What to work on: For this task, output exactly the lines of the material below starting at the line with "Liver Cirrhosis Cookbook: Nourishing" and ending at the line with "Jingle All the"; pictures are to be excluded.

Records provided:
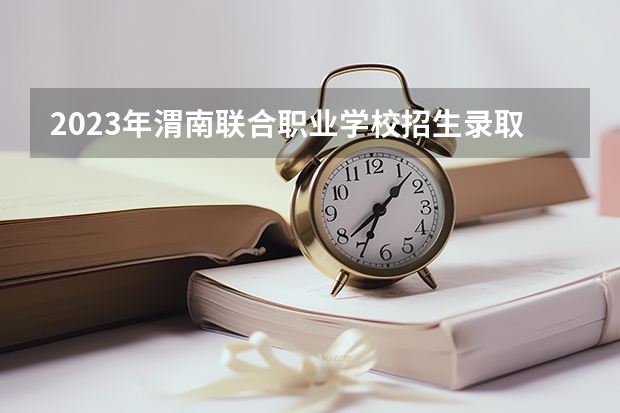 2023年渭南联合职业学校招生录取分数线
---
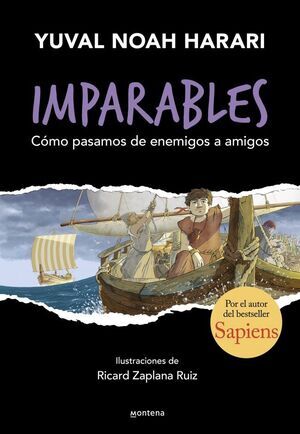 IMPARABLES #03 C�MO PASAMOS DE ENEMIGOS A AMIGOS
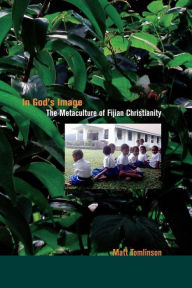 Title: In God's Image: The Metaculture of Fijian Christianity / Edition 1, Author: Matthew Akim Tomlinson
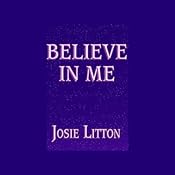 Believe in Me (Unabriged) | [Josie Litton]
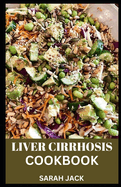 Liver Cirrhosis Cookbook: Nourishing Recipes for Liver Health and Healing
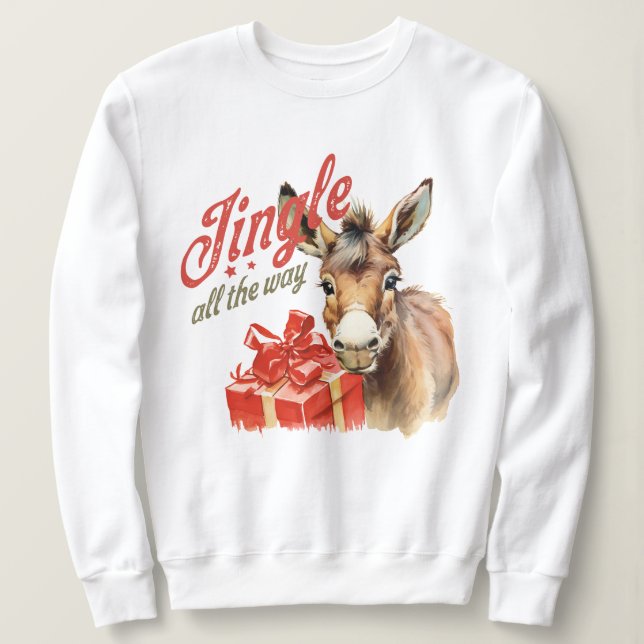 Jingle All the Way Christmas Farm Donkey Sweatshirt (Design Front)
* * *
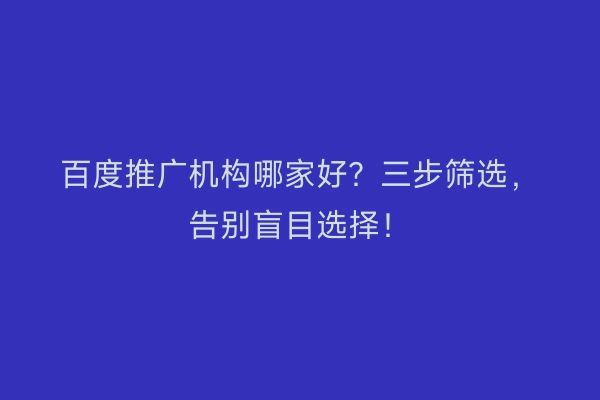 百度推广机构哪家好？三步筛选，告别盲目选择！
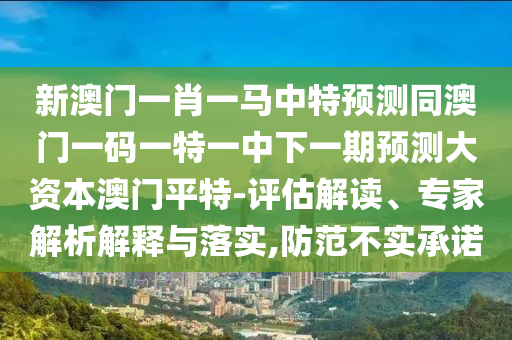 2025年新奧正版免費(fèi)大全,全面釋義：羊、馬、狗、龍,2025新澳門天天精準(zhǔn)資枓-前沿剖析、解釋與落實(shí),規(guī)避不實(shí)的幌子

Result:
 Liver Cirrhosis Cookbook: Nourishing Recipes for Liver Health and Healing
 Jingle All the Way Christmas Farm Donkey Sweatshirt (Design Front)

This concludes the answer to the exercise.